Nasza Loteria NaM - pasek na kartach artykułów

Tadeusz Woźniak: "Najważniejsza jest dla mnie pogoda ducha"

Redakcja
Pamiątkowe zdjęcie z Tadeuszem Woźniakiem
Pamiątkowe zdjęcie z Tadeuszem Woźniakiem z arch. prywatnego Adam Sęczkowski
14 stycznia w Muzeum Miasta Łodzi na zaproszenie Fundacji „Połączeni Pasją” ze swoim recitalem wystąpił Tadeusz Woźniak. Po występie udało się zamienić kilka słów z artystą. Oto co powiedział specjalnie dla czytelników.
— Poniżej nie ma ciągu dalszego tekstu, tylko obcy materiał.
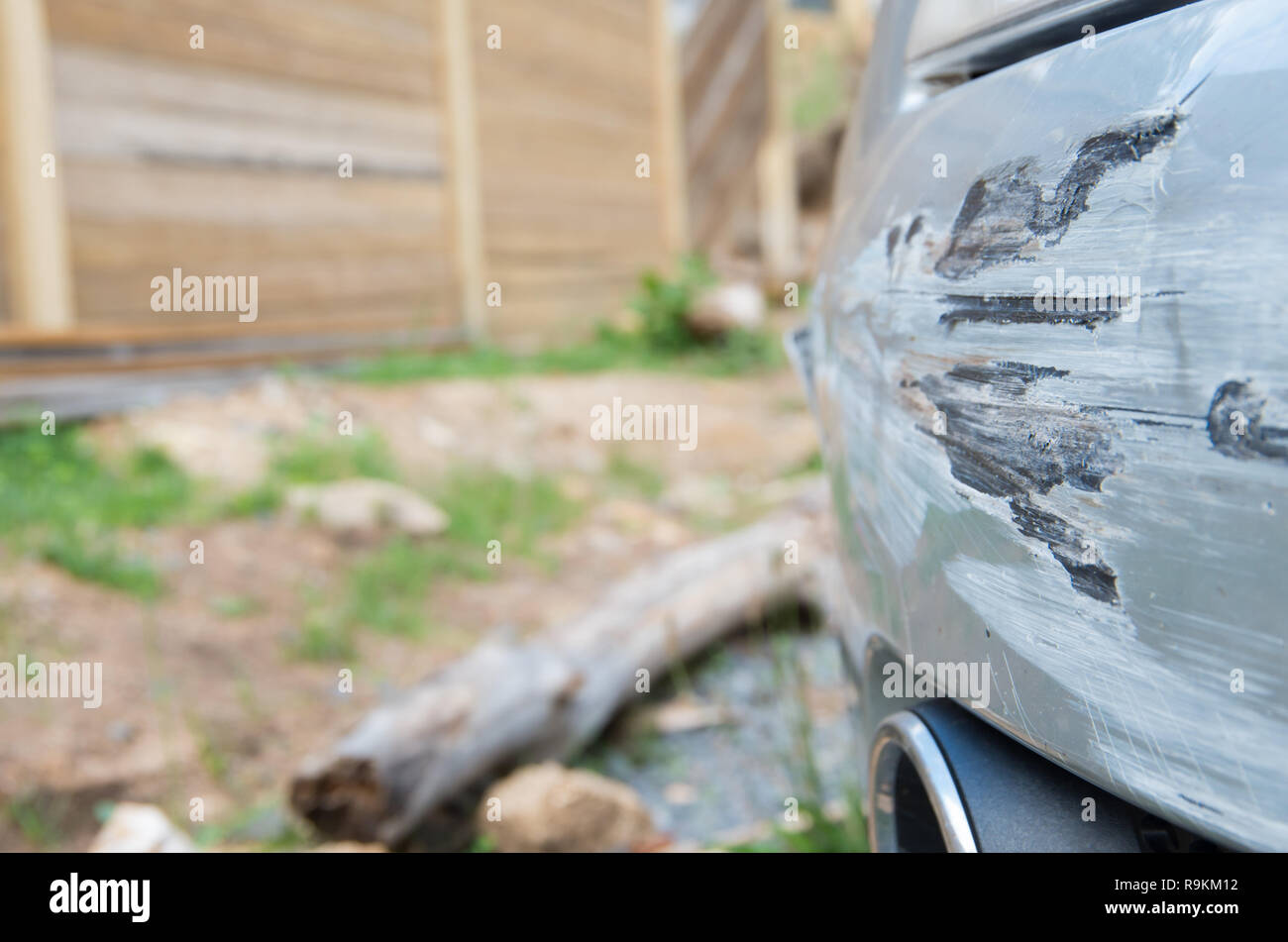 Damaged car bumper after crashing into a guard rail whilst spinning out of control Stock Photo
Panie Tadeuszu. Dziś wystąpił Pan w Łodzi na zaproszenie Fundacji „Połączeni Pasją”. Wiem, że Pan również jest związany z Fundacją „Pociechom”, która zajmuje się rehabilitacją dzieci. To piękne, że pomaga Pan innym ofiarując swój talent i cząstkę siebie.
- Ja i moi współpracownicy (rodzina), uczestniczymy w bardzo wielu koncertach, które mają jakiś cel społeczny. Są różne cele jak np. rehabilitacja dzieci, opieka nad niepełnosprawnymi czy też opieka nad artystami, którzy potrzebują pomocy, jak w tym przypadku. Tych koncertów w ciągu roku dajemy sporo. Raczej nie odmawiamy, jeśli wiemy, że fundacja nie jest „fasadą” dla jakiegoś lansu, bo znam też organizacje, które mają głównie na celu wypromowanie prezesów i wprowadzenie ich na salony. W przypadku Fundacji „Połączeni Pasją” nie ma o tym mowy.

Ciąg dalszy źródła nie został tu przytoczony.